▸ **TASK REQUIREMENTS**: Using the data below, output a verbatim copy of the lines between the one holding "Rádio Regional do" and the one holding "Modern villa with panoramic views 78", inclusive, without any pictures.

▸ **PROVIDED ENTRIES**:
#####

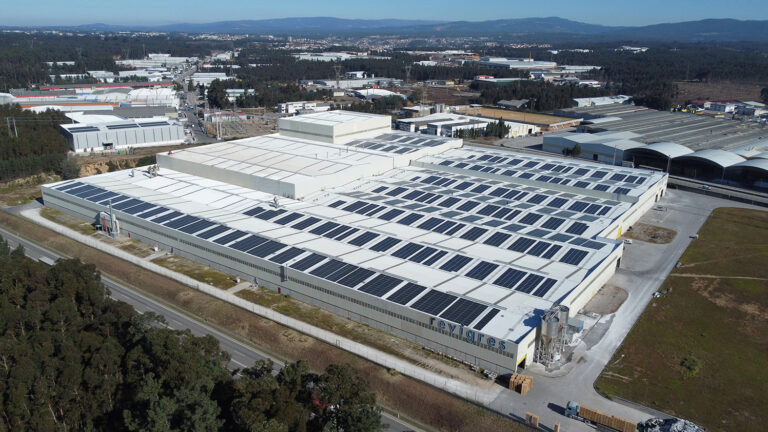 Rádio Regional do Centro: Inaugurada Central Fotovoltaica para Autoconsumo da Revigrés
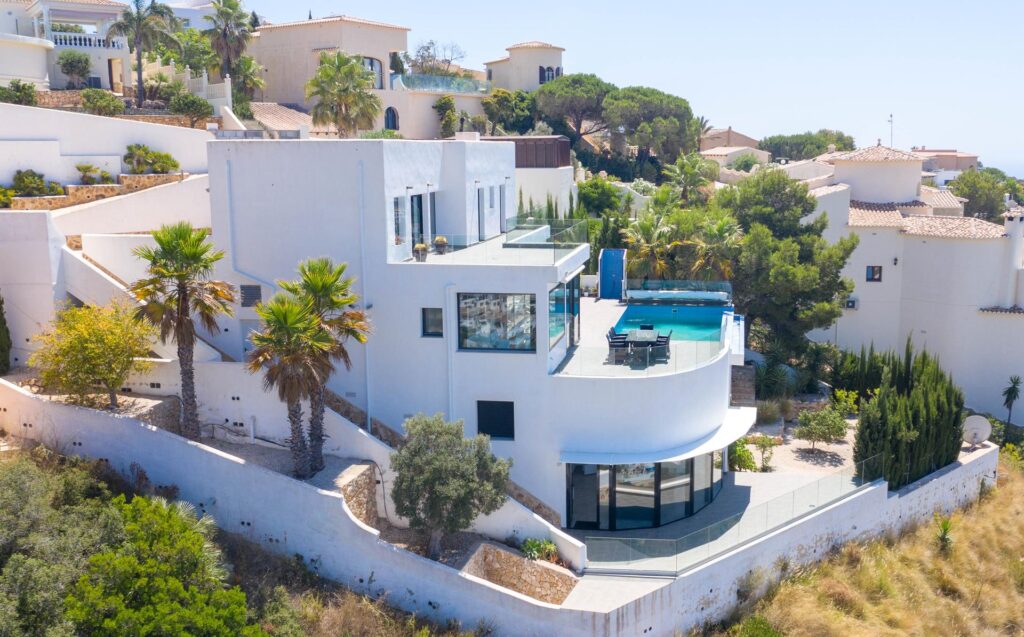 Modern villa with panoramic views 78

#####

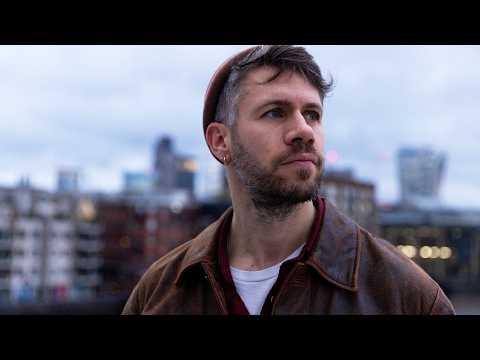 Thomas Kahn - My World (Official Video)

#####

▸ **THE COMPLETED TASK**:
 Rádio Regional do Centro: Inaugurada Central Fotovoltaica para Autoconsumo da Revigrés
 Modern villa with panoramic views 78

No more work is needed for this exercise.